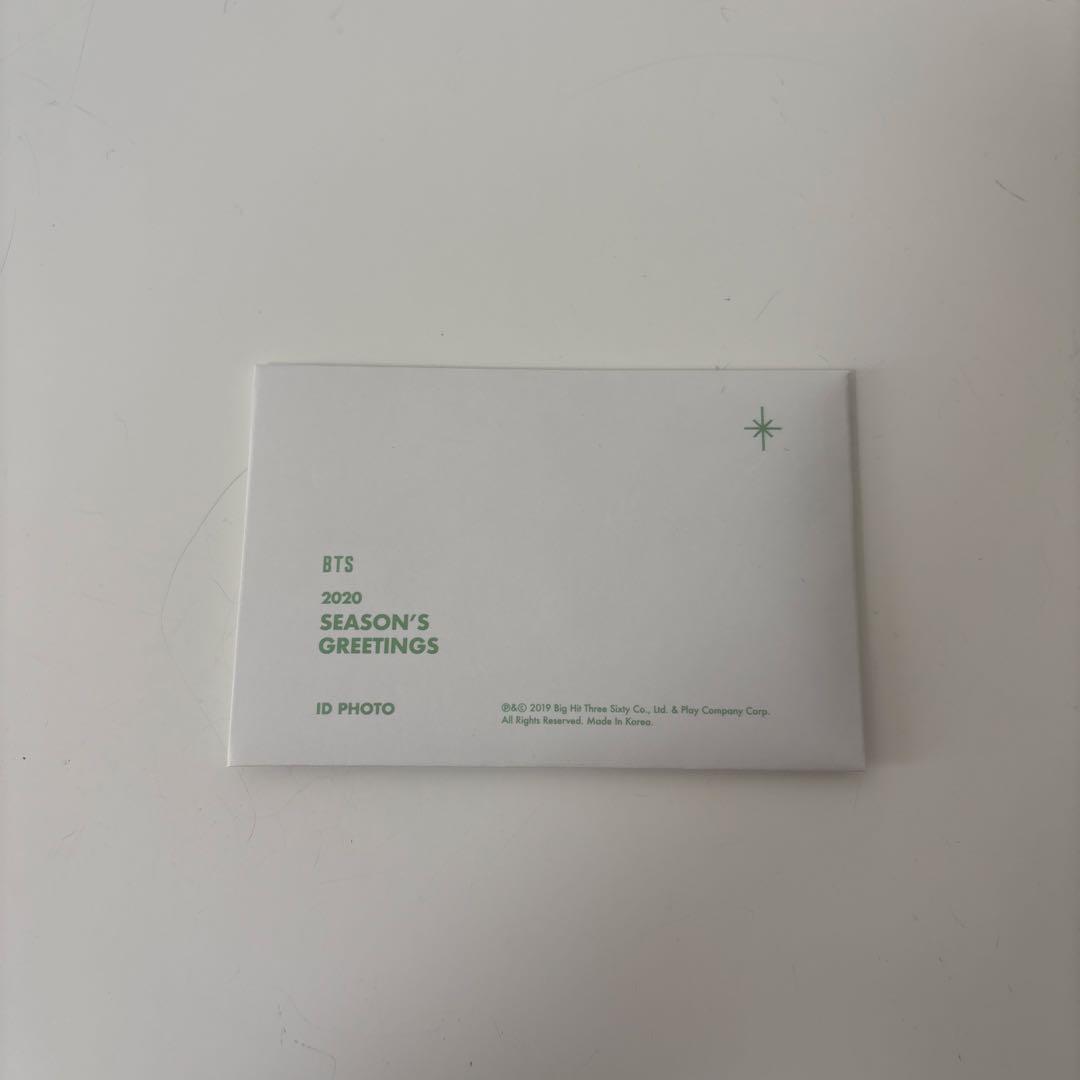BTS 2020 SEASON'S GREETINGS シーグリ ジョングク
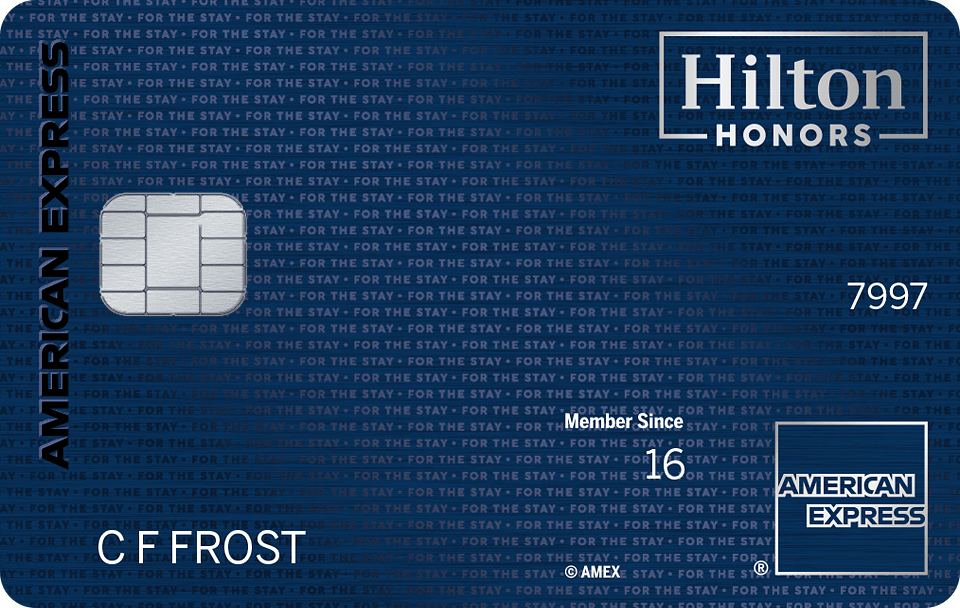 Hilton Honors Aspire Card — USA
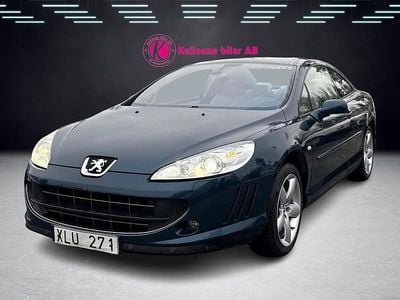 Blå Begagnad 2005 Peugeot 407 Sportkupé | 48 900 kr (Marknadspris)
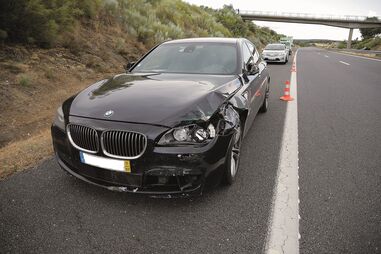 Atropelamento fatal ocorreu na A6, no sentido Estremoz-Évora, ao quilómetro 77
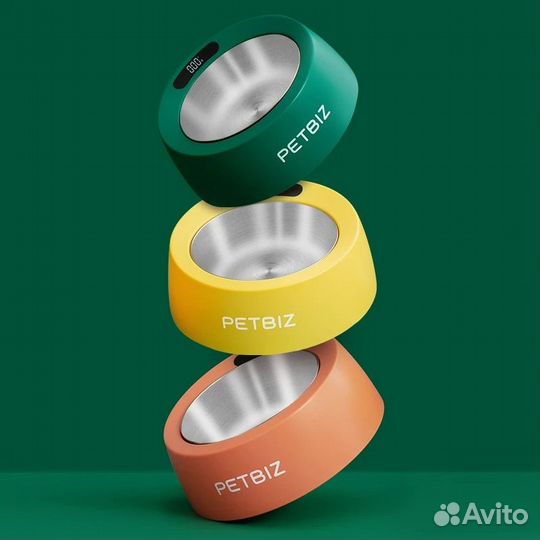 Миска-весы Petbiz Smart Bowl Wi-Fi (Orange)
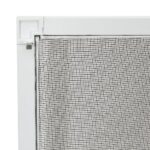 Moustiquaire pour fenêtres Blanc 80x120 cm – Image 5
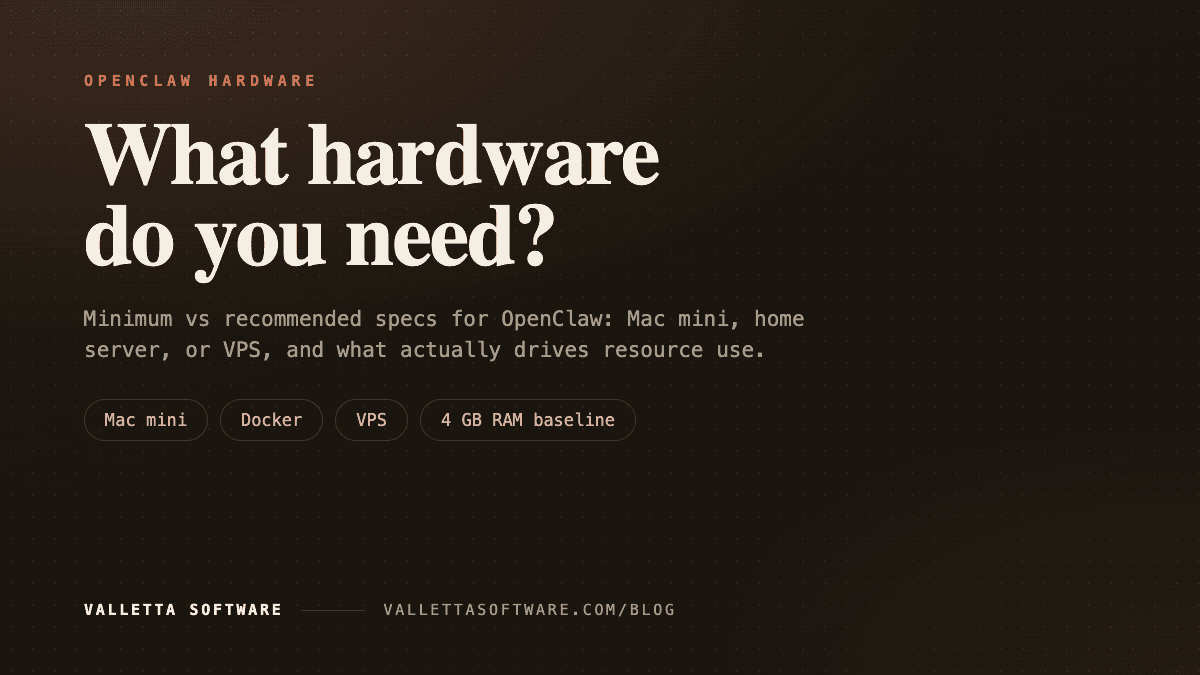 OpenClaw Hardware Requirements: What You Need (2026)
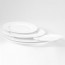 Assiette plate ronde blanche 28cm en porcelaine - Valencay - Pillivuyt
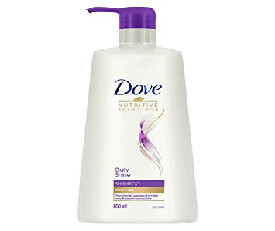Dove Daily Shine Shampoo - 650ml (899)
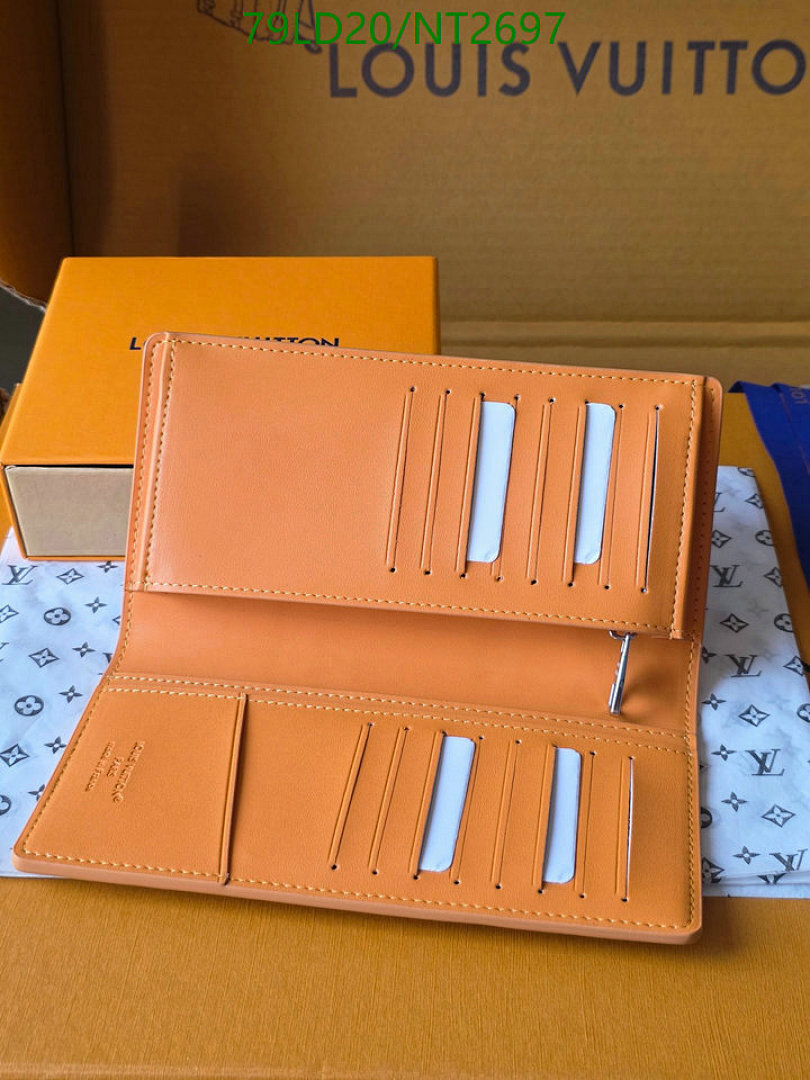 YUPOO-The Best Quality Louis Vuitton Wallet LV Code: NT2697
☆ ☆ ☆ ☆ ☆
Directions for this task: Every line from the one containing "Dove Daily Shine Shampoo - 650ml (899)" to the end of the material above is to be returned exactly, with the pictures left out.

Response:
Dove Daily Shine Shampoo - 650ml (899)
 YUPOO-The Best Quality Louis Vuitton Wallet LV Code: NT2697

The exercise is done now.